NEW YORK (Reuters) - Gold miner Newmont Mining Corp. posted a quarterly net loss on Thursday as a result of huge charges on the value of its discontinued merchant banking operation and the elimination of its gold hedge positions.

Still, the operating results of the world's No. 2 gold producer beat estimates, even as it sold less gold than a year earlier, but at higher average prices.

It also said it was on track to meet production targets this year and would spend $170 million to $175 million for exploration and new mines in Australia, Ghana, Peru and Nevada, as well as possible start-ups in China and Indonesia.

"It was disappointing as far as the write-down, but the bad news had already been telegraphed," said Frank Holmes, chief executive of U.S. Global Investors, whose $5 billion fund includes large mining holdings.

"Their operating results were slightly better than we expected, but they remain unrobust for us, although they are likely to be cleaner in future quarters."

The net loss was $2.06 billion, or $4.57 per share, for the second quarter, compared with a net profit of $161 million, or 36 cents, last year.

Excluding charges of $2.125 billion for the hedges and merchant banking business write-downs, it earned 24 cents per share, a spokesman said.

Analysts, on average, expected 21 cents, according to Reuters Estimates, but excluded only the $1.665 billion charge for eliminating the merchant banking operations.

Revenue rose to $1.30 billion from $1.29 billion.

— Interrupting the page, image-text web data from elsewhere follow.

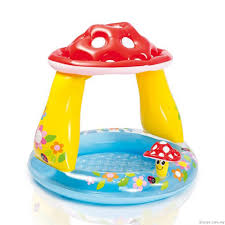MUSHROOM POOL (40X35 INCH) 57114
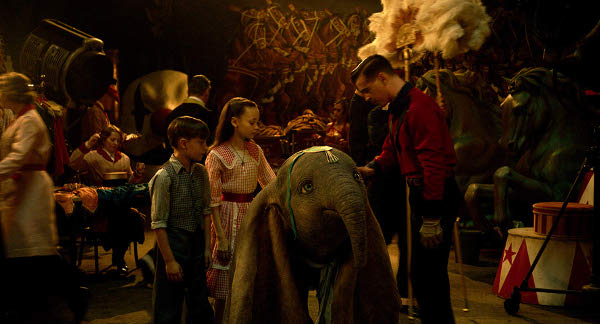 Dumbo - zdjęcia z filmu  - Zdjęcie nr 10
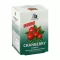 CRANBERRY KAPSELN 400 mg, 100 adet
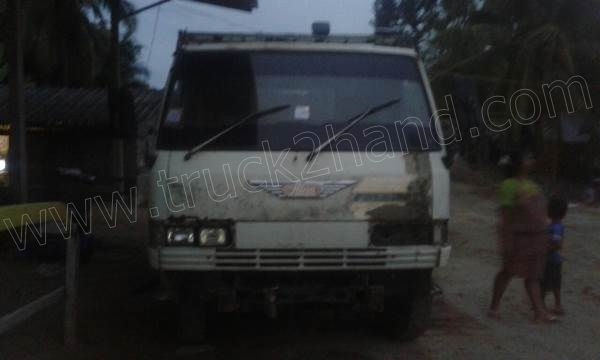 รถบรรทุก 6 ล้อดั้มพ์ HINO รุ่น FB112 117 แรงม้า รถบรรทุก 6 ล้อดั้มพ์ HINO รุ่น FB112 117 แรงม้า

Even though sales of gold owned by Newmont fell to 1.25 million ounces from 1.38 million ounces last year, the average realized price rose to $667 per ounce from $605.

In July, it said it would eliminate its entire 1.85 million ounce gold hedge position and was discontinuing its merchant banking segment.

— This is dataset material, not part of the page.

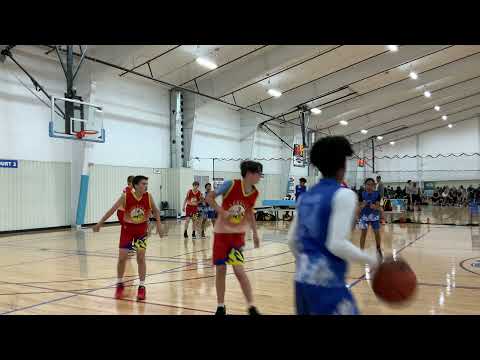 11-6-2021 Tundra Elite Blue vs Colorado Legends Gold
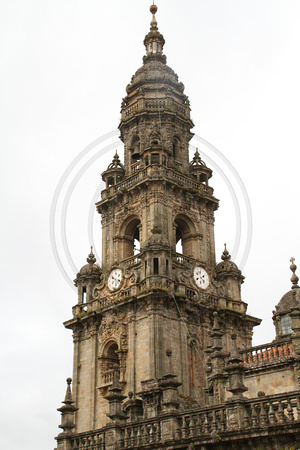 Santiago de Compostela, Cathedral V1036260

A spokesman for Denver-based Newmont said Thursday the company was still considering its options for the business and might sell or hold some assets, but was focused on its core operations of gold mining.

President and Chief Executive Richard O'Brien said the move to eliminate its hedging position made Newmont the world's largest unhedged gold producer.

He reiterated Newmont's estimate for full-year gold sales of between 5.2 million and 5.6 million ounces, with costs at $375 to $400 per ounce.

U.S. Global's Holmes said he was concerned that Newmont's return on capital was only about 7 percent, compared with approximately 50 percent for rival Freeport-McMoRan Copper & Gold Inc.

The company has completed a $1.15 billion convertible senior note issue to give it financial flexibility to complete several projects, including Boddington in Australia, the gold mill at Yanacocha in Peru and a power plant in Nevada that will help cut costs by providing its own electricity to mines there.

"We continue to optimize plans for our prospective gold opportunities, including the potential development of our Conga project in Peru and the Akyem project in Ghana," said O'Brien, who replaced the retiring Wayne Murdy as CEO.

Newmont also said its Midas underground mine in Nevada has been shut down since June, when one worker was killed in a cave-in.

State and federal mine safety regulators have suspended operations there pending further review and investigation. Newmont said it cannot predict when the mine would be reopened, but it does not expect a material impact on Nevada production.

Newmont shares, which have declined 8 percent so far this year, were up 21 cents at $41.80 on the New York Stock Exchange Thursday afternoon.